All that we have to bear in mind is what the Supreme Court said in its judgment on what the limit on the power to prorogue would be:
“A decision to prorogue Parliament (or to advise the monarch to prorogue Parliament) will be unlawful if the prorogation has the effect of frustrating or preventing, without reasonable justification, the ability of Parliament to carry out its constitutional functions as a legislature and as the body responsible for the supervision of the executive. In such a situation the court will intervene if the effect is sufficiently serious to justify such an exceptional course.”
So everyone who votes against my motion, or against my new clause later if we are able to reach it, will be saying, basically, “Yes, courts, carry on. That is exactly what you should do. You should consider these matters. You should decide at every Prorogation whether the Government are acting lawfully or not.”
I thought that the hon. Gentleman was getting towards the end, so I wanted to ask him to clarify something. Did I understand him correctly to say that if those on the Government Benches vote against his having the opportunity to put forward the new clause, they will be voting in favour of continued judicial scrutiny of Prorogations? Does that not rather go against the normal pattern on the Conservative Benches, which is to vote against judicial scrutiny in this Parliament? I doff my cap to the hon. Gentleman for being so smart!
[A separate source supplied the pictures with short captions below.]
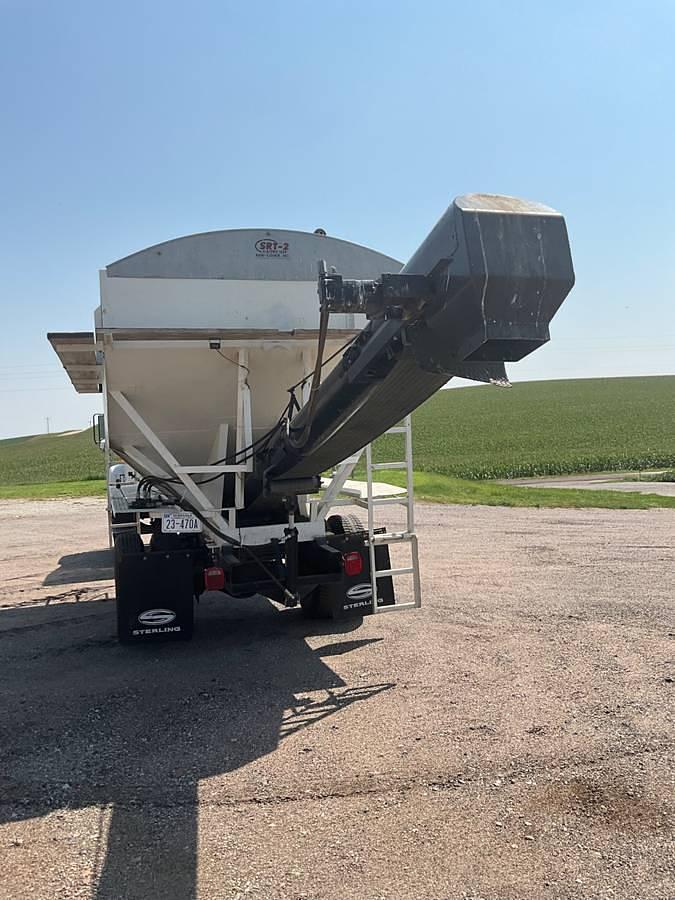 Used 1990 GMC Kodiak Seed Tender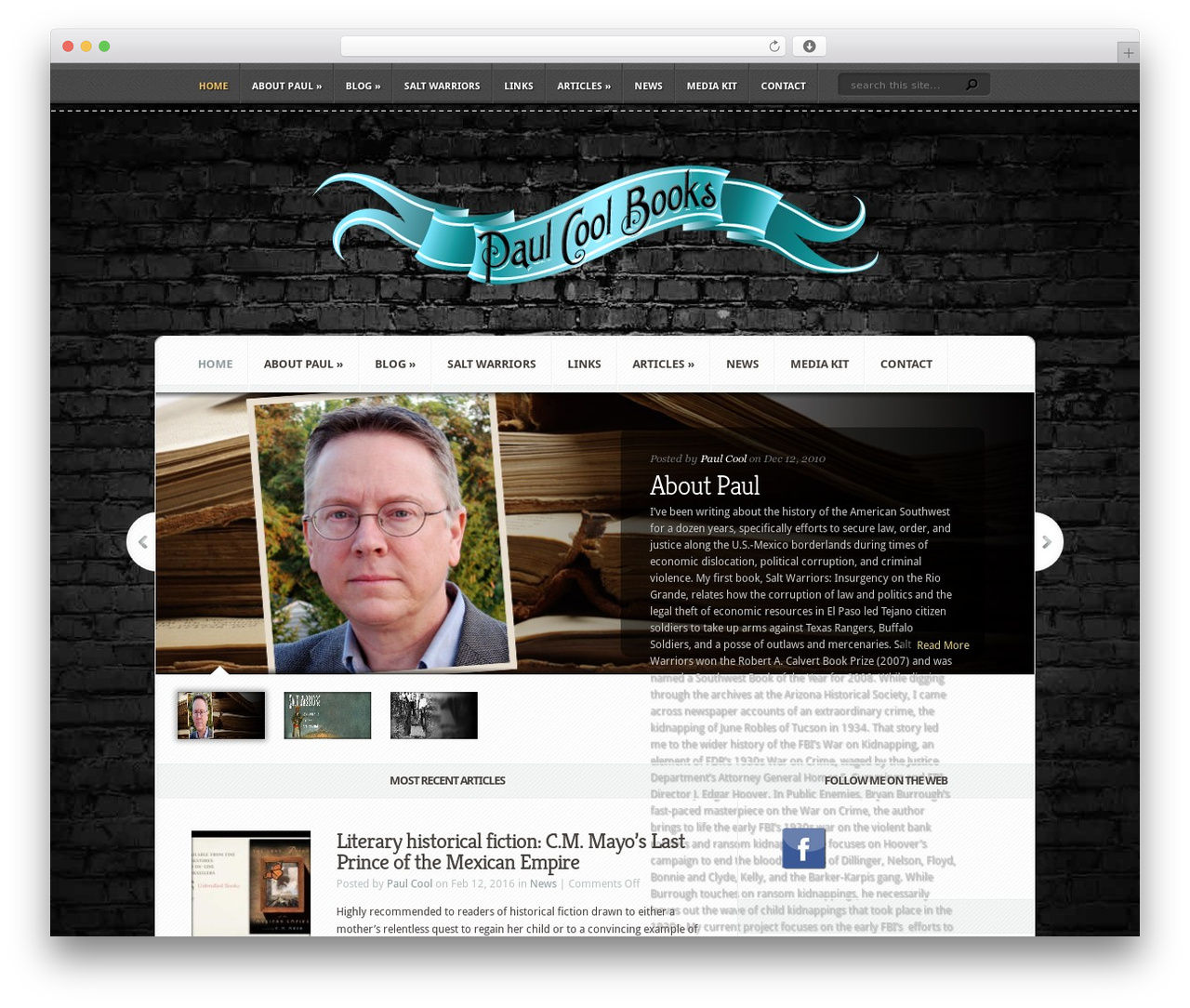 WordPress theme Aggregate - paulcoolbooks.com WordPress theme Aggregate - paulcoolbooks.com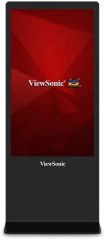 Viewsonic EP5542 pantalla de señalización 139,7 cm (55") 400 cd / m² 4K Ultra HD Android 8.0 16/7
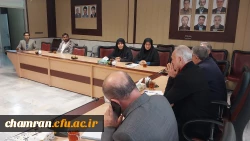 نشست هماهنگی برای برگزاری مراسم روز دانشجو 3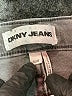DKNY Jeans Chevron-herringbone Gray Jeans Size 14 - photo 7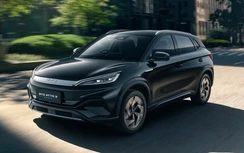 Thấy gì sau một tuần trải nghiệm BYD Atto 3?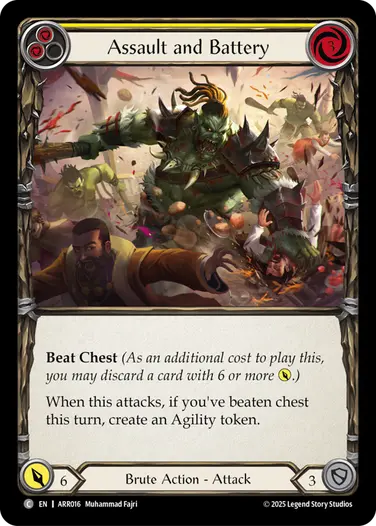 構築済みデッキシングル,【EN】Armory Deck :Rhinar | TOKYO FAB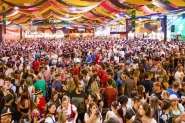 Sem Oktoberfest, economia local perde at� 70% do faturamento no m�s de outubro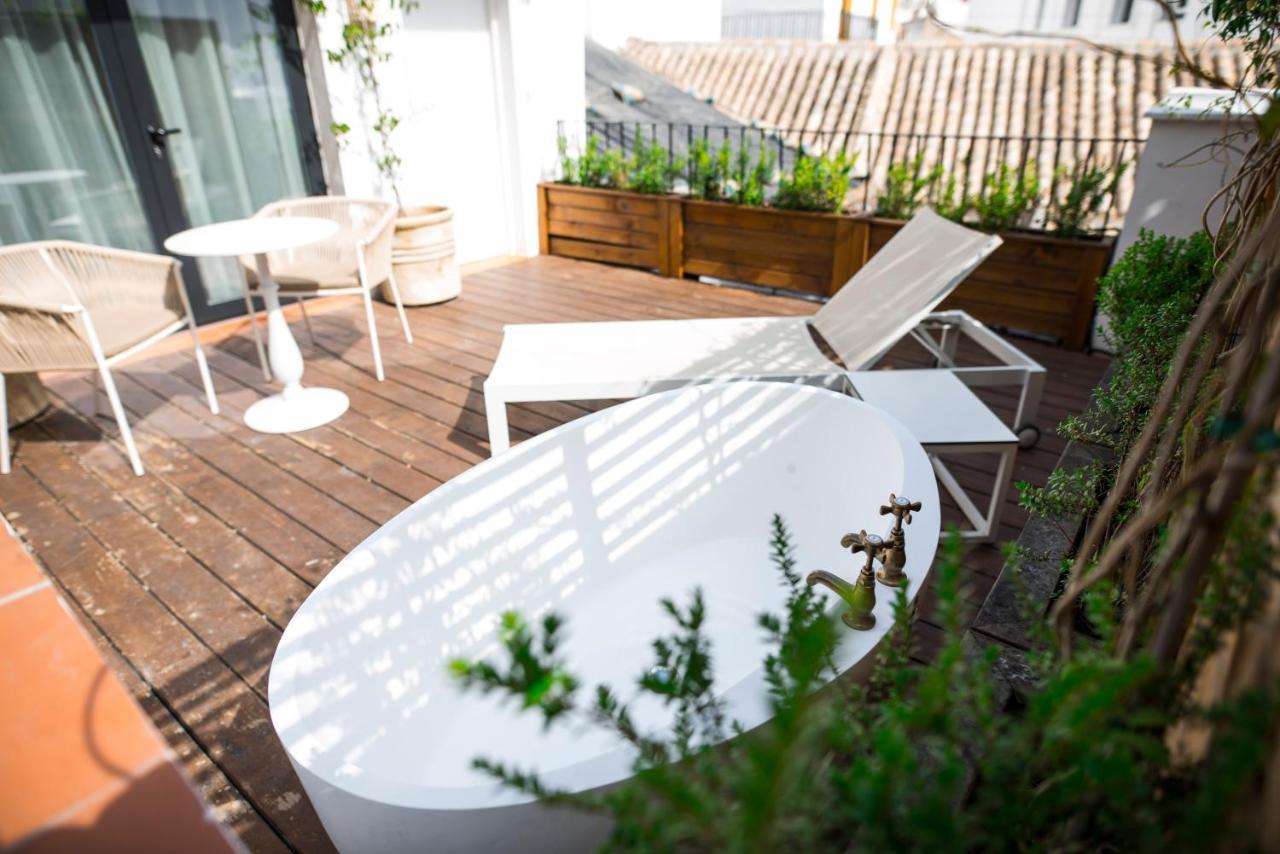Hotel Legado Alcazar (Adults Only) Σεβίλλη Εξωτερικό φωτογραφία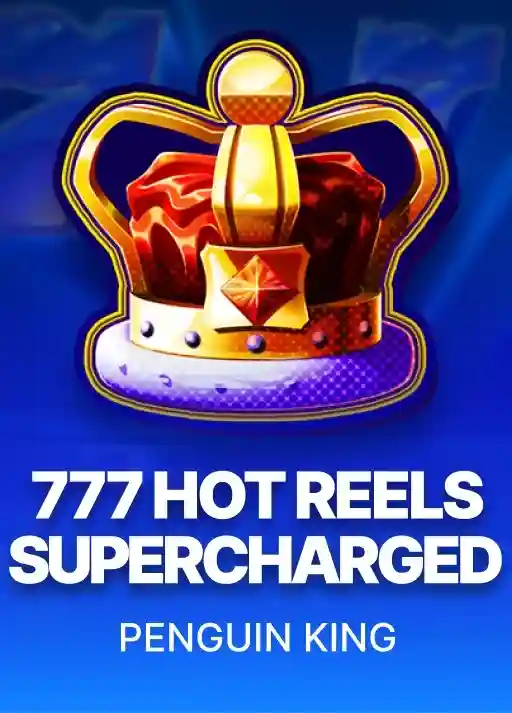 777 Hot Reels Supercharged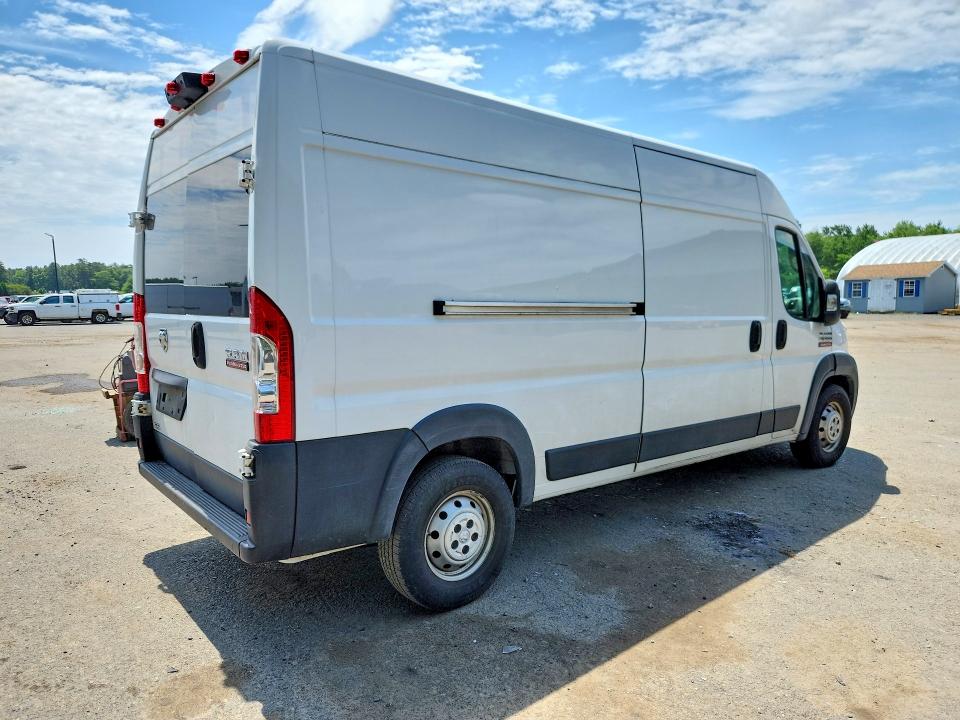 Aukcja sprzedaży 2019 Ram Promaster 2500, vin: 3C6TRVDG4KE526978, numer aukcji: 56292576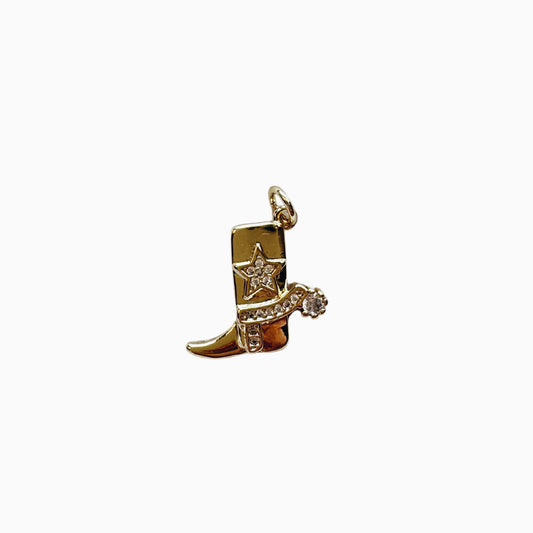 STARLIGHT BOOT CHARM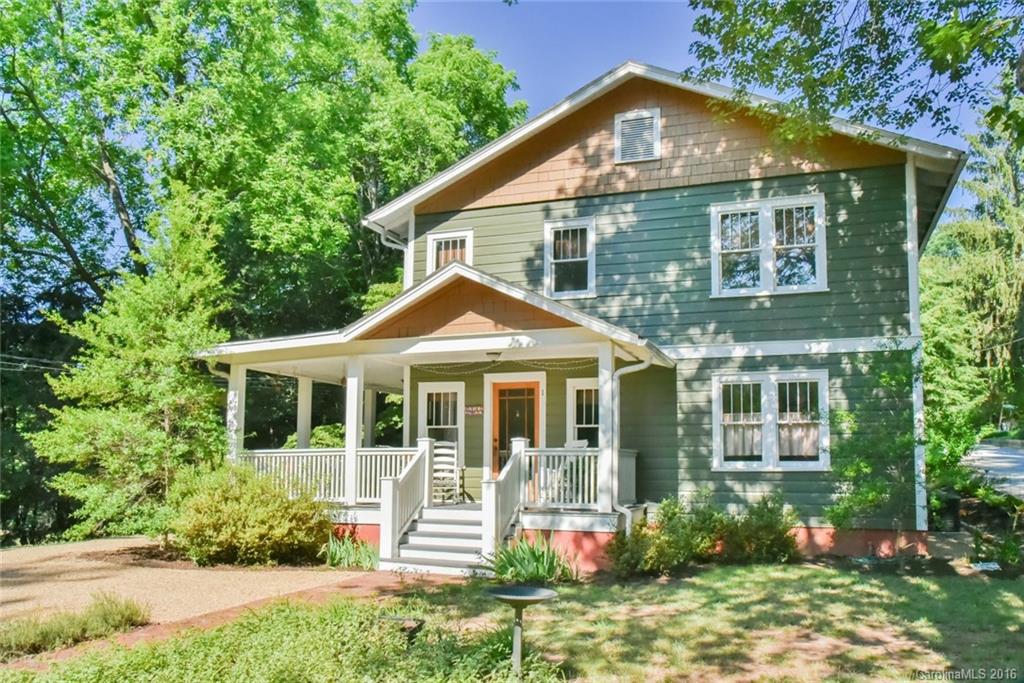 1 Trotter Place Asheville NC 28806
I would not bother with that.
The hon. and learned Lady is absolutely right. This is the irony—or the hypocrisy—of the Government’s position. [Interruption.] I said “of the Government’s position”; I am being very careful.
I find it incomprehensible that the Government would not want to proceed in the direction of my new clause. It is the simplest way of making sure that Prorogation is a proceeding in Parliament, and there would be no need for the ouster clause in the Bill, which many people have suggested to us is unlikely to work and is a nugatory piece of legislation.
We should also bear in mind that the Commonwealth has shown us plenty of examples of Prorogation being fiercely contested. In Australia in 1975, the Governor-General, John Kerr, removed the Labor Prime Minister, Gough Whitlam, and then prorogued Parliament before the House of Representatives, which was controlled by the Labor party, could pass a motion of no confidence in Malcolm Fraser. That was a deliberate use of the Prorogation process to prevent proper scrutiny. In Canada in 2008, the Conservative Prime Minister of a minority Government, Stephen Harper, ordered a Prorogation to avoid a no confidence motion in himself—yet another example of the use of a process which I think is a means of trying to prevent proper parliamentary scrutiny.
One of the ironies of the situation that we have in the British constitution is that if the Bill goes forward as the Government plan and without the measure relating to Prorogation, there will be no real requirement that Parliament should ever sit. The Meeting of Parliament Act 1694 says that we should have Parliaments every three years; that is all that we would be relying on as a legislative means. It is true that the Bill of Rights requires taxation to be subject to Parliament’s sitting, and also requires that a standing Army must be endorsed every five years. However, the Supreme Court made the very good point that these practical considerations are scant reassurance, because Parliament could just sit very briefly to deal with those matters.
In short, Madam Deputy Speaker—or “in long”, actually—my point is simple: the best way to ensure that Prorogation is not abused by the Executive, and to ensure that the courts do not interfere in political processes that should remain within the political sphere, is to ensure that there is a vote in Parliament before Prorogation. The only way we can have that vote in Parliament before Prorogation is to debate it later today, and the only way we can do that is to vote in favour of my motion of instruction.